- **What is being asked**
When you reach the line with "Black and Gold" in the data below, begin printing lines exactly, and stop once the line with "Nutricost Biotin bottle" has been printed.
-- -- --
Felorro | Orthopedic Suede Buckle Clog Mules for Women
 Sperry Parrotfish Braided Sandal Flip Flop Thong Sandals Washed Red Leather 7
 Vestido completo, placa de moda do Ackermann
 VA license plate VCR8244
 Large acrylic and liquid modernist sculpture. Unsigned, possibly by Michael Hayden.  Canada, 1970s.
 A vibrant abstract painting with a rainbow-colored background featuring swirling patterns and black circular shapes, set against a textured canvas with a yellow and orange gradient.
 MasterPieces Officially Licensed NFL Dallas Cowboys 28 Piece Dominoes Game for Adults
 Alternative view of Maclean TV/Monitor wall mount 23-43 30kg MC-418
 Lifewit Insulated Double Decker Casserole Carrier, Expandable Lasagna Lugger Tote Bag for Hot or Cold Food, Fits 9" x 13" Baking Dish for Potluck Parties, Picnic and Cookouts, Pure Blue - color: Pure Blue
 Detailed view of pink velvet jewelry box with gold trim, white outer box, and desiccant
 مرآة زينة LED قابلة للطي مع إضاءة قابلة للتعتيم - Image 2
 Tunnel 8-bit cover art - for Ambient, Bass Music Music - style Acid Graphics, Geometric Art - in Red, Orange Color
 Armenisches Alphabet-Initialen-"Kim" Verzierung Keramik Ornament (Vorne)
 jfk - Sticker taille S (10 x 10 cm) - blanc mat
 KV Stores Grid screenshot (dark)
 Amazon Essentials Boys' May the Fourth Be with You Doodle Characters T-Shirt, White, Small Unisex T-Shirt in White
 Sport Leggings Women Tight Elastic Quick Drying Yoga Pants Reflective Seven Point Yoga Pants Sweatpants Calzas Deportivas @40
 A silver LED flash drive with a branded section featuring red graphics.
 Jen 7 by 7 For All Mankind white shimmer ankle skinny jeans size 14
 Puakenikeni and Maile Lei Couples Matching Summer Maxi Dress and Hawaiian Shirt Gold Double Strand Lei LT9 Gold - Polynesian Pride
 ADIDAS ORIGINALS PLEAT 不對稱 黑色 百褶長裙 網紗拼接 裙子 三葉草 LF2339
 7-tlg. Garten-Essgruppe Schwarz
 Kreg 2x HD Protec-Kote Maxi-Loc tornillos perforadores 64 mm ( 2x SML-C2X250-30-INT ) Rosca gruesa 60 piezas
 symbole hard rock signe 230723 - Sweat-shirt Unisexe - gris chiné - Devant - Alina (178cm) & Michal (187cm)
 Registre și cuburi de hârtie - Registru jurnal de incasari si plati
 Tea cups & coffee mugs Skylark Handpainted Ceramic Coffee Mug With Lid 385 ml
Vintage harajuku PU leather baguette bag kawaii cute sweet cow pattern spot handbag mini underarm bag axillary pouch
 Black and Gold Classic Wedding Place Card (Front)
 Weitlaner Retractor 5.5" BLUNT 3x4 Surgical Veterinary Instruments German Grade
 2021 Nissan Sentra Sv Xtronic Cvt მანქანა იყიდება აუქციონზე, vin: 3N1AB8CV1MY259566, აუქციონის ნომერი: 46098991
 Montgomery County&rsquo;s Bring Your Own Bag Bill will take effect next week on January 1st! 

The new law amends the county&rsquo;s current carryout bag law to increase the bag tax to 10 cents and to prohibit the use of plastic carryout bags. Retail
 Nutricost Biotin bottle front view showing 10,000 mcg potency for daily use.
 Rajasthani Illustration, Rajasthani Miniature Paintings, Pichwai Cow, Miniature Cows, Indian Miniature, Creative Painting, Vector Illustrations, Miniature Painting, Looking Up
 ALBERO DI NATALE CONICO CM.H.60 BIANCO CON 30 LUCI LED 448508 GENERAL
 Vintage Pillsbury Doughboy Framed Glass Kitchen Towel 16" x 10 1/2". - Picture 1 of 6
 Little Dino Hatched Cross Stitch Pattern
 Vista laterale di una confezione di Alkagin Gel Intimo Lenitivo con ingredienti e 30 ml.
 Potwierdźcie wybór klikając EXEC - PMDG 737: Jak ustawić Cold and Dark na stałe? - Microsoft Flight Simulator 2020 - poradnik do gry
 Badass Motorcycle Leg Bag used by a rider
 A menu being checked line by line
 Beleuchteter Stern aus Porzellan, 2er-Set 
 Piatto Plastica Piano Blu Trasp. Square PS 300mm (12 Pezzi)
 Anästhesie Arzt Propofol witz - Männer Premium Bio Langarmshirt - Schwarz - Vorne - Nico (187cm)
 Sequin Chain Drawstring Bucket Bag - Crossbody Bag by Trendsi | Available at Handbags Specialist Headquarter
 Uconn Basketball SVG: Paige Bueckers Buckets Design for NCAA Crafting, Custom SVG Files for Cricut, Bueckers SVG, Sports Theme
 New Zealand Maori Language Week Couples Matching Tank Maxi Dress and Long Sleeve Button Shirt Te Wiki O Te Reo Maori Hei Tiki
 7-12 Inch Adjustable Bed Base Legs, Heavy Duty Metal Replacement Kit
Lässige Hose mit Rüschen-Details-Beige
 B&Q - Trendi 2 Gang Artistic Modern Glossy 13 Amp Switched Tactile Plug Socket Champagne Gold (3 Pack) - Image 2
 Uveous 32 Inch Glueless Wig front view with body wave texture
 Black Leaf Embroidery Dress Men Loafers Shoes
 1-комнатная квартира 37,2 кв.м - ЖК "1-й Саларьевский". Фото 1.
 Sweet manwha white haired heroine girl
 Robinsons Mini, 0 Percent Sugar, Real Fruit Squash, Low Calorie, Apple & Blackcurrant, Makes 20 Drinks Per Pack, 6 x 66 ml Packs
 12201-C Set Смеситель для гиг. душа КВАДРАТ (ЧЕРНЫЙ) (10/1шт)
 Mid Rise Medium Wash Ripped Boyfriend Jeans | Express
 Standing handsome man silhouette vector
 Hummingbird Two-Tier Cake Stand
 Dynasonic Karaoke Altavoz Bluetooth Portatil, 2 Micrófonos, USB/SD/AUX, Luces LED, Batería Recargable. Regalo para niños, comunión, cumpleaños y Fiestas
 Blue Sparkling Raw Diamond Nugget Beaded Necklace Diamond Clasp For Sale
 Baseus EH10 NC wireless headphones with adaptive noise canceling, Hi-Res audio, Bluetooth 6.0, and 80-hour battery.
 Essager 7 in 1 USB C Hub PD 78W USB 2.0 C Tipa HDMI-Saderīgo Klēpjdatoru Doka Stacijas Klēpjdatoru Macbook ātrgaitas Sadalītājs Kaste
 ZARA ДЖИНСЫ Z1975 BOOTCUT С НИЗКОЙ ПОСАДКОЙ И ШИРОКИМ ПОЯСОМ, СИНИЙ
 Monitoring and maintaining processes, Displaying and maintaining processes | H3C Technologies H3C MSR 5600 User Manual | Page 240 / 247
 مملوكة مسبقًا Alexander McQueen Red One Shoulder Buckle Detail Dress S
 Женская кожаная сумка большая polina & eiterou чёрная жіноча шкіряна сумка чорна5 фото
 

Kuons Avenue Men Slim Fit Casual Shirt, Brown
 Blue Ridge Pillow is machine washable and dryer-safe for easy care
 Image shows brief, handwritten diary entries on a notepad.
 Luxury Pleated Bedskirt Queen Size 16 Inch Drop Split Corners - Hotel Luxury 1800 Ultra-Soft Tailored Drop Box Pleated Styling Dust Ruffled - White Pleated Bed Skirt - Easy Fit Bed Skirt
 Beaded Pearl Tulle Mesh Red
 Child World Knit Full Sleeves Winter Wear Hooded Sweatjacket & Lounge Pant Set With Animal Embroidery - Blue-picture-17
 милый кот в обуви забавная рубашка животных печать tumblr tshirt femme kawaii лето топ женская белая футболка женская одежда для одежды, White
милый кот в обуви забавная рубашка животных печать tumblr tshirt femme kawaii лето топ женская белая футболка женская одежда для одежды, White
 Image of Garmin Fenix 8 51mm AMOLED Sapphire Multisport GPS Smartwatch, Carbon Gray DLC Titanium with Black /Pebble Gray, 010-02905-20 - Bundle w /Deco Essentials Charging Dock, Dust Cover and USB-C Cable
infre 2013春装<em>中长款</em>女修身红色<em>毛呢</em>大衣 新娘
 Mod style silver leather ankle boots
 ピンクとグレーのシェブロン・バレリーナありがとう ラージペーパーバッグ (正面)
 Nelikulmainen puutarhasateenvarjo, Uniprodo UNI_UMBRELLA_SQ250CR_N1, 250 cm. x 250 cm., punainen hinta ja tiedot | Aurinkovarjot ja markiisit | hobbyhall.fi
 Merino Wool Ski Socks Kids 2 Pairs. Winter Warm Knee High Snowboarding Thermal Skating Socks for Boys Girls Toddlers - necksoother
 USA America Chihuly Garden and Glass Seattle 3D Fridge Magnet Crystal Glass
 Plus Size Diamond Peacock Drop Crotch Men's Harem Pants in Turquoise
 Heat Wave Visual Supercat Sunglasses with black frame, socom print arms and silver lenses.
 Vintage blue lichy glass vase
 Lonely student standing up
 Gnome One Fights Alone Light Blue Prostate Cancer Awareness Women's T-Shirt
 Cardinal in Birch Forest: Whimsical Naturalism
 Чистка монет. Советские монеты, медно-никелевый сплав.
-- -- --
- **Problem solution**
 Black and Gold Classic Wedding Place Card (Front)
 Weitlaner Retractor 5.5" BLUNT 3x4 Surgical Veterinary Instruments German Grade
 2021 Nissan Sentra Sv Xtronic Cvt მანქანა იყიდება აუქციონზე, vin: 3N1AB8CV1MY259566, აუქციონის ნომერი: 46098991
 Montgomery County&rsquo;s Bring Your Own Bag Bill will take effect next week on January 1st! 

The new law amends the county&rsquo;s current carryout bag law to increase the bag tax to 10 cents and to prohibit the use of plastic carryout bags. Retail
 Nutricost Biotin bottle front view showing 10,000 mcg potency for daily use.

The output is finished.